Reste à savoir comment Erdogan a pu prendre soudainement conscience des risques que cette lecture trop légère de l’histoire ottomane faisait peser sur son pays. Là encore, la presse arabe a la réponse ! Dans son édition de ce lundi, le quotidien Al-Hayat revient avec beaucoup d’à-propos politique sur toute cette affaire en titrant que «  Le harem du sultan a été victime des recommandations ‘à la frère musulman’ de Morsi à Erdogan » (حريم السلطان» ضحية وصايا مرسي «الإخوانية» لأردوغان). Si le président turc s’est brusquement converti ainsi à l’excommunication télévisuelle, c’est, selon « un proche collaborateur d’Erdogan », parce qu’il a trop écouté son homologue égyptien rencontré à l’occasion de la crise de Gaza ! Cette histoire de feuilleton turc met donc parfaitement en évidence une forte leçon de géopolitique : les (extrémistes) Frères musulmans égyptiens ne se calmeront pas grâce à leurs homologues turcs modernes et modérés, c’est l’inverse !

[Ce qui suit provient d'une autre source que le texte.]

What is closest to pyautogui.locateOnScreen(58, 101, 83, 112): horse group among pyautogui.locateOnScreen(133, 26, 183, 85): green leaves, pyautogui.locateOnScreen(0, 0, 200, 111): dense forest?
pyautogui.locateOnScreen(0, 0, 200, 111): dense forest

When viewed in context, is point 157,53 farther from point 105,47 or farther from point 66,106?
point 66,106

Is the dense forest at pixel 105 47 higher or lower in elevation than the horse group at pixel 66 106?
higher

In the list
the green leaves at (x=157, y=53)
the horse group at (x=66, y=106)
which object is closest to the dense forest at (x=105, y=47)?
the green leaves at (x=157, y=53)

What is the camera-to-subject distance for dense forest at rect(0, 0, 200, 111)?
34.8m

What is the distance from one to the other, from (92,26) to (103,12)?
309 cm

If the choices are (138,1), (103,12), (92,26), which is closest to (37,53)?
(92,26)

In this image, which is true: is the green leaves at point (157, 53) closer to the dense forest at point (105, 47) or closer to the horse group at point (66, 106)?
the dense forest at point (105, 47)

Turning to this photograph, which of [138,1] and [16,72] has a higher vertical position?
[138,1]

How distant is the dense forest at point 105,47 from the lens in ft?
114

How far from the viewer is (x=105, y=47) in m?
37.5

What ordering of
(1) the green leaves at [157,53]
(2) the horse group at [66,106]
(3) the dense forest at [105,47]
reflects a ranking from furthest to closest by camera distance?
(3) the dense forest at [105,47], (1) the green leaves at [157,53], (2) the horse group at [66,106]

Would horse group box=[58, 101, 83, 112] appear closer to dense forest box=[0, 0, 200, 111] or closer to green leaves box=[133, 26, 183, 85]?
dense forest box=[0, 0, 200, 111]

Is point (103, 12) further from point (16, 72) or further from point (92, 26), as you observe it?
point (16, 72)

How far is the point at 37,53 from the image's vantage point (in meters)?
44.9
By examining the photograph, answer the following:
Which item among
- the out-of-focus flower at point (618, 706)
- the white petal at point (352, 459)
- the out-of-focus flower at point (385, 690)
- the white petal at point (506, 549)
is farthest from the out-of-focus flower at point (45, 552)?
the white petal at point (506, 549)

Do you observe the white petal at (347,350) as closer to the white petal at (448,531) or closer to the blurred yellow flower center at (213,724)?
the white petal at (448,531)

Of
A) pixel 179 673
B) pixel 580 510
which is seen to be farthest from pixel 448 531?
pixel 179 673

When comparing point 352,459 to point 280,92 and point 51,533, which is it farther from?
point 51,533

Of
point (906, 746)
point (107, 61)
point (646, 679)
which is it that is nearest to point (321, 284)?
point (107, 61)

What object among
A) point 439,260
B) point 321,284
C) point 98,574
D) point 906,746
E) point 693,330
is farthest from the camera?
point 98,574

La leçon est donc claire pour les téléspectateurs arabes et musulmans – en espérant qu’ils soient aussi des lecteurs d’Al-Hayat : s’ils veulent continuer à dévorer des yeux le sultan, la sultane et leurs histoires de harem, il faut à tout prix faire barrage à pharaon !

La bande-annonce, en turc dans le texte (mais avec en fond sonore un des airs les plus célèbres du patrimoine musical arabe), en attendant la suite la semaine prochaine…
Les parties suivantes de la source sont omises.